| Konu: | |
| Yasama Yılı: | 4 |
| Birleşim: | 10 |
| Tarih: | 22.10.2025 |
İYİ PARTİ GRUBU ADINA YAVUZ AYDIN (Trabzon) - Sayın Başkan, değerli milletvekilleri; görüşmekte olduğumuz kanun teklifi yalnızca bir kanun değil, onlarca farklı kanunun bir araya getirildiği torba kanun yöntemiyle Meclis gündemine taşınmış bir düzenlemedir. Teklif toplamda 10 farklı kanunda değişiklik öngörmekte; kültür, turizm, vakıflar, arkeoloji, taşınmazı yönetimi ve hatta kimlik bildirme gibi birbirinden tamamen farklı alanları tek başlık altında toplamaktadır. 19 maddelik bu teklif, Bayındırlık, İmar, Ulaştırma ve Turizm Komisyonunda görüşülmüş, ne yazık ki tali komisyonlar devre dışı bırakılmıştır. Bu da teklifin denetimden, tartışmadan ve uzman görüşlerinden yoksun biçimde ilerletildiğini açıkça göstermektedir. Oysa kanaatimizce teklif İçişleri Komisyonunda da ele alınmalıydı. Zira Kimlik Bildirme Kanunu ve Vakıflar Kanunu'nda yapılan değişiklikler, kolluk denetimi, kamu düzeni ve güvenlik gibi doğrudan İçişlerinin görev alanına giren konuları kapsamaktadır. Teklifte, marina, liman tesisleri ve deniz aracı kiralayan işletmelere yönelik kimlik bildirme zorunluluğu getirilmektedir. Bu zorunluluğa uymayan veya eksik bildirim yapan işletmelere hatta aynı yıl içinde tekrar eden ihlallerde idari para cezaları ve ruhsat iptali öngörülmektedir. Dolayısıyla, bu maddelerin teknik açıdan İçişleri Komisyonunda görüşülmesi hem doğru hem de gerekliydi. Nedense daha öncede İçişleri Komisyonunun asli görev alanına giren düzenlemelerin farklı komisyonlara yönlendirildiğini görmüştük. İhtisas ilkesinin bilinçli biçimde aşındırıldığı İç Tüzük'ün komisyon sistemini kurma amacını ve denetimi ortadan kaldırdığı bu durum elbette tesadüf değildir. Şunu soruyorum ve kayda geçiriyorum: AK PARTİ içindeki siyasi çekişmeler mi, bazı bakanlıklar arası yetki kavgaları mı yoksa yürütmenin konforu mu Meclisin çalışma usullerine yön vermektedir? İçişlerinin sahasına giren maddeleri başka komisyonlara taşımanın maksadını kamuoyu gibi bizler de merak etmekteyiz. Amaç, şeffaf ve sağlıklı bir yasama olmalıdır. Hem komisyon sürecindeki eksiklikleriyle hem de içerdiği yetki genişletmeleriyle yasama denetiminin baypas edilmesi bu teklifin en büyük hukuki sakıncasıdır. Teklifin Meclise sunulduğu tarih 10 Ekim 2025. Komisyon görüşmelerinin tarihi ise 15 Ekim 2025. Yani arada yalnızca beş günlük bir süre vardır. Kanun tekliflerine verilen kısa zaman dilimleri tekliflerin yeterli biçimde incelenmesi, değerlendirilmesi ve tartışılması için elbette yeterli değildir.

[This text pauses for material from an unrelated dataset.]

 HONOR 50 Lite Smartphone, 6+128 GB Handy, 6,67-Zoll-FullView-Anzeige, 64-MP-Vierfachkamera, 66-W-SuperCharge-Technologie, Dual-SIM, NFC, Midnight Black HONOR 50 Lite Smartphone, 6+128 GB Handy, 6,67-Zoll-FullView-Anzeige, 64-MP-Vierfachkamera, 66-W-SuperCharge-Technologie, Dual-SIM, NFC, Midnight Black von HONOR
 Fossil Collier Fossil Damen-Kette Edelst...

Bir diğer görmezden gelinen husus ise bu teklifin komisyon sürecinde etki analizinin zamanında sunulmamış olmasıdır. Kanuni bir zorunluluk olmasına rağmen tıpkı önceki örneklerde olduğu gibi etki analizi komisyon görüşmeleri sürerken milletvekillerine ulaştırılmamış, teklif yeterince incelenmeden görüşülüp oylanmıştır. Bizim talebimiz sonucunda ve komisyon çalışmaları tamamlandıktan sonra etki analizi tarafımıza iletilmiştir. Bu, yalnızca teknik bir eksiklik değil, yasama faaliyetlerinin bilgiye ve veriye dayalı olmaktan uzaklaştırılmasıdır. Biz İYİ Parti olarak komisyon sürecinde önemli önergeler sunduk ancak bu önergelerin tamamı reddedilmiştir, hatta bazı maddelerde gerekçemiz dahi okutulmadan doğrudan oylamaya geçilmiştir. Bu yaklaşım Meclisin asli görevini yani yasama denetimini etkisizleştirmektedir. Komisyonların işlevi yalnızca onay makamı değildir. Görevleri ayrıntılı inceleme yapmak, kamu yararını gözetmek ve millet adına denetim görevini yerine getirmektir. Oysa burada yaşanan yasama sürecinin yürütmenin gölgesine sokulmasıdır. Bu durum yalnızca Meclisin saygınlığını değil, kuvvetler ayrılığı ilkesini de zedelemektedir.
Unutulmamalıdır ki Anayasa’nın 88'inci maddesi açık biçimde "Kanun teklif etmeye milletvekilleri yetkilidir." demektedir ancak bugün görüyoruz ki tekliflerin büyük bölümü fiilen sarayda hazırlanmakta, iktidar milletvekillerinin imzasıyla Meclise sunulmaktadır, bu açık bir Anayasa ihlalidir. Yasama sürecinin yürütme tarafından şekillendirilmesi demokratik işleyişi zayıflatmakta, yasaların kalitesini düşürmekte, toplumun güvenini sarsmakta, Meclisi yürütmenin noter makamına dönüştürmektedir.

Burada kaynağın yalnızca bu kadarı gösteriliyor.